**Exercise goal**
Copy nothing from the entries below except the lines from the one containing "The Chesterfield Brand" through the one containing "Brother Sewing Machine", and copy those exactly.

**Extracted entries**
###

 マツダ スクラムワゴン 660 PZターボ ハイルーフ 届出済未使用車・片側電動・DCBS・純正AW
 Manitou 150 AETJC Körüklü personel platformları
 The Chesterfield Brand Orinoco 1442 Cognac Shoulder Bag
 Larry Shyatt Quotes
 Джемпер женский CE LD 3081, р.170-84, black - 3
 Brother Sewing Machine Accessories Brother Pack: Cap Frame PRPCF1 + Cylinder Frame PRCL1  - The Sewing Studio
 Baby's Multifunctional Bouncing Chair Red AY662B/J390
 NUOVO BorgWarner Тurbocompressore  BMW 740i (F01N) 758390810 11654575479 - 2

###

**Exercise response**
 The Chesterfield Brand Orinoco 1442 Cognac Shoulder Bag
 Larry Shyatt Quotes
 Джемпер женский CE LD 3081, р.170-84, black - 3
 Brother Sewing Machine Accessories Brother Pack: Cap Frame PRPCF1 + Cylinder Frame PRCL1  - The Sewing Studio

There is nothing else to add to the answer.